Pass GPU events instead of streams across async regions.
ClosedPublic

Authored by csigg on Feb 18 2021, 8:29 AM.

Details

Summary

Lower !gpu.async.tokens returned from async.execute regions to events instead of streams.

Make !gpu.async.token returned from !async.execute single-use.
This allows creating one event per use and destroying them without leaking or ref-counting.
Technically we only need this for stream/event-based lowering. I kept the code separate
from the rest of the gpu-async-region pass so that we can make this optional or move
to a separate pass as needed.

Diff Detail

Event Timeline

csigg created this revision.Feb 18 2021, 8:29 AM
csigg requested review of this revision.Feb 18 2021, 8:29 AM
csigg updated this revision to Diff 324736.Feb 18 2021, 12:29 PM

Fix tests.

csigg updated this revision to Diff 324770.Feb 18 2021, 2:09 PM

Remove debug printfs ;-)

csigg updated this revision to Diff 324885.Feb 18 2021, 10:36 PM

Fix identifier naming.

herhut added inline comments.Feb 24 2021, 12:40 AM
mlir/lib/Conversion/GPUCommon/ConvertLaunchFuncToRuntimeCalls.cpp
483

The name is misleading. This is not done via types but rather by matching the defining op.

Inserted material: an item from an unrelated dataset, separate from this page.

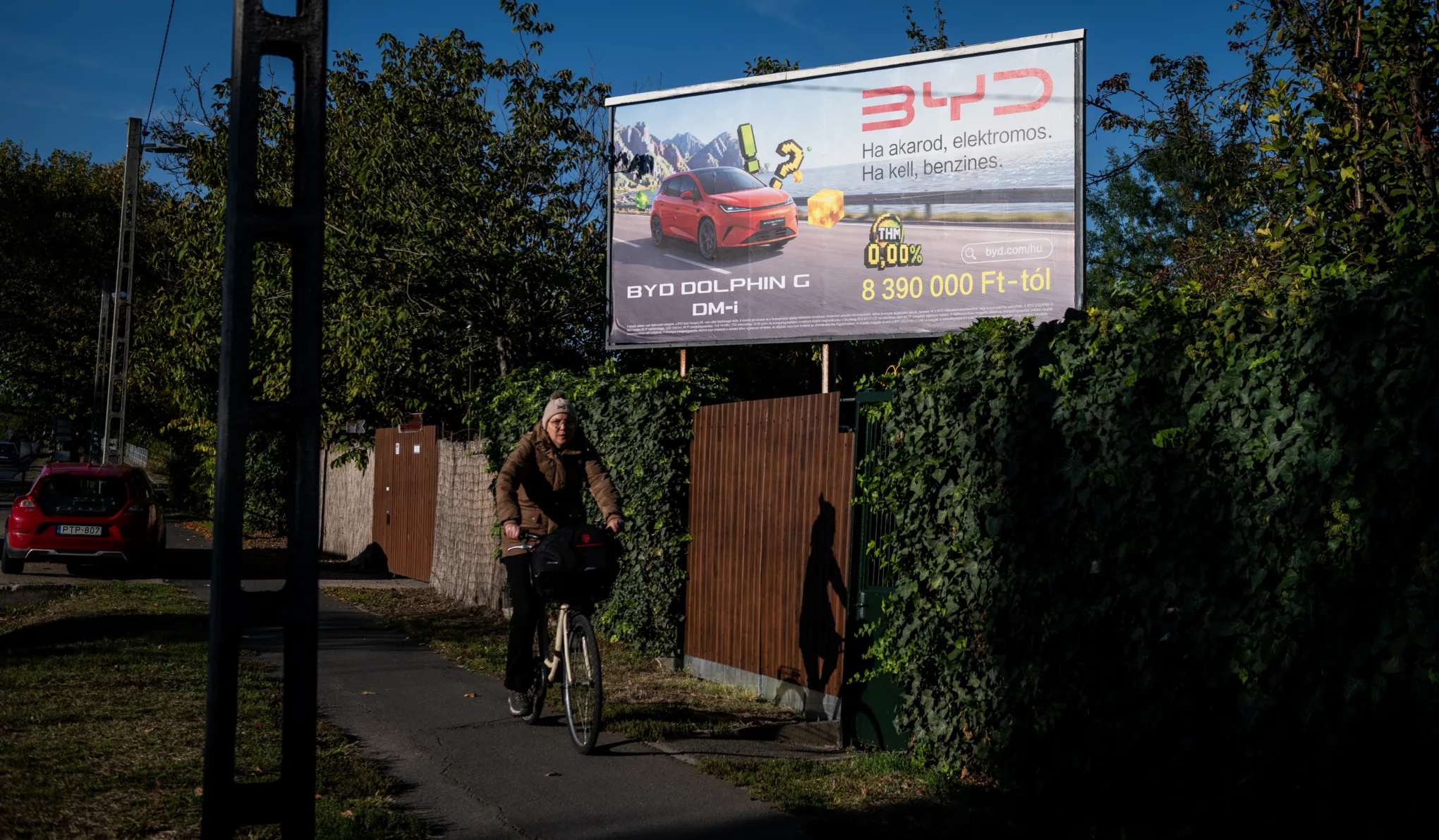 Több mint egy tucat szervezet tiltakozik a a Tisza-kormány tervezett reklámadója ellen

Maybe reflect that in the name.

486

nit: Can you get that string from somewhere, so it is only defined in one place?

This will fall apart with control flow, but we do not support this currently, anyway.

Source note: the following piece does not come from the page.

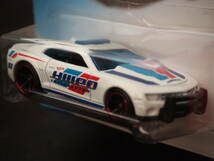 ホットウィール 10 CAMARO SS HWPD 白 シェビー カマロ ミニカー ポリス バンパーガード 別パーツ Police Departments × HOT WHeeL コラボ_画像5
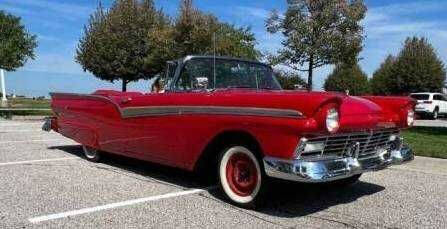 1957 Ford Fairlane 500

mlir/lib/Dialect/GPU/Transforms/AsyncRegionRewriter.cpp
300

This is a bit confusing. Here results is the result operands and further down it is the actual result values of the updated op.

301

Can this be done without rewriting the op multiple times?

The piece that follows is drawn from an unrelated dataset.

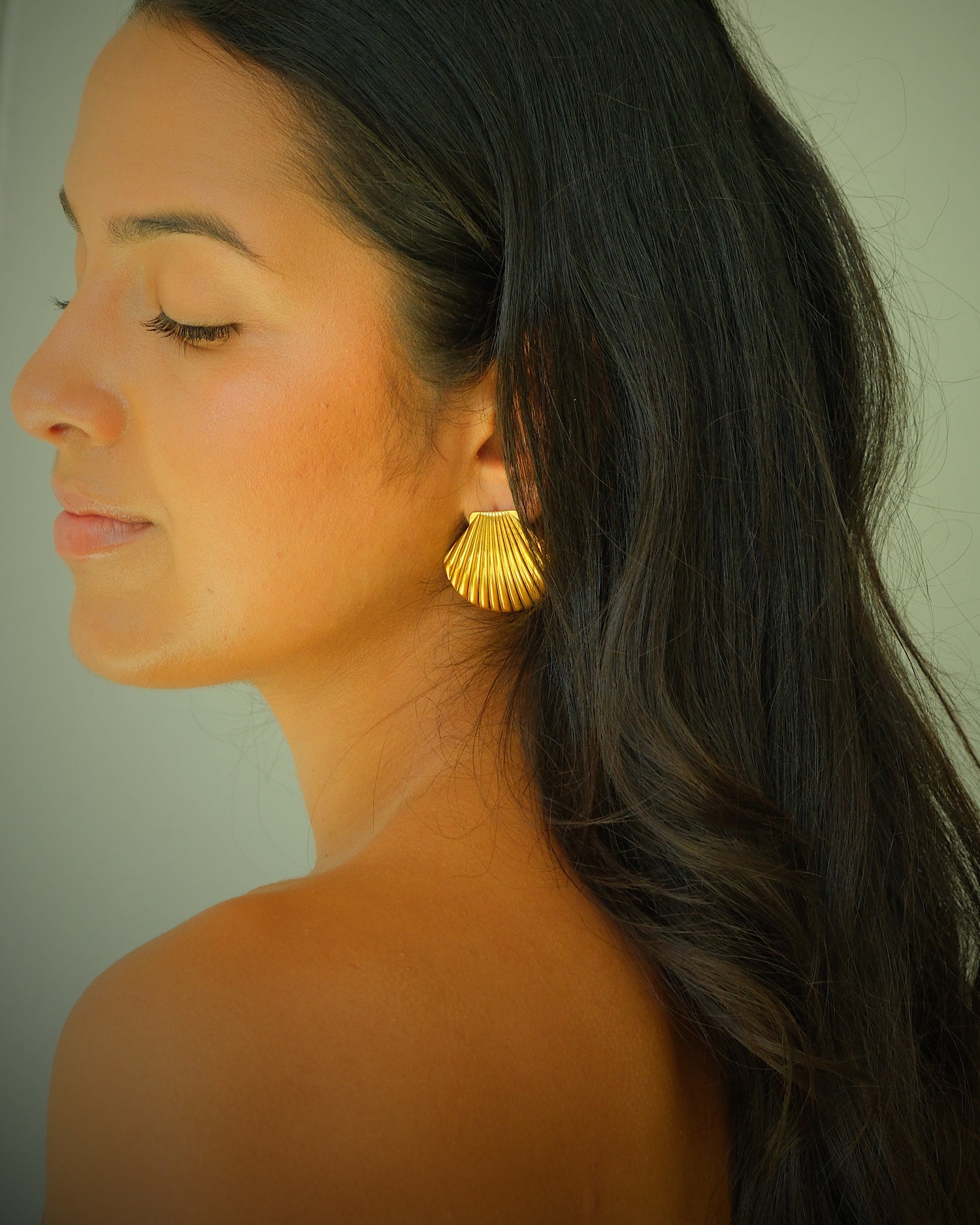 EMMALINE SHELL EARRINGS | GOLD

csigg updated this revision to Diff 326071.Feb 24 2021, 6:06 AM
csigg marked 3 inline comments as done.

Address reviewer comments.

mlir/lib/Conversion/GPUCommon/ConvertLaunchFuncToRuntimeCalls.cpp
486

The idea is that we lower control flow to events, at least at the beginning.

mlir/lib/Dialect/GPU/Transforms/AsyncRegionRewriter.cpp
301

It's not worth the (quite significant) extra complexity, because in most cases there will be just one.

herhut accepted this revision.Feb 25 2021, 1:23 AM

Thanks!

This revision is now accepted and ready to land.Feb 25 2021, 1:23 AM
This revision was automatically updated to reflect the committed changes.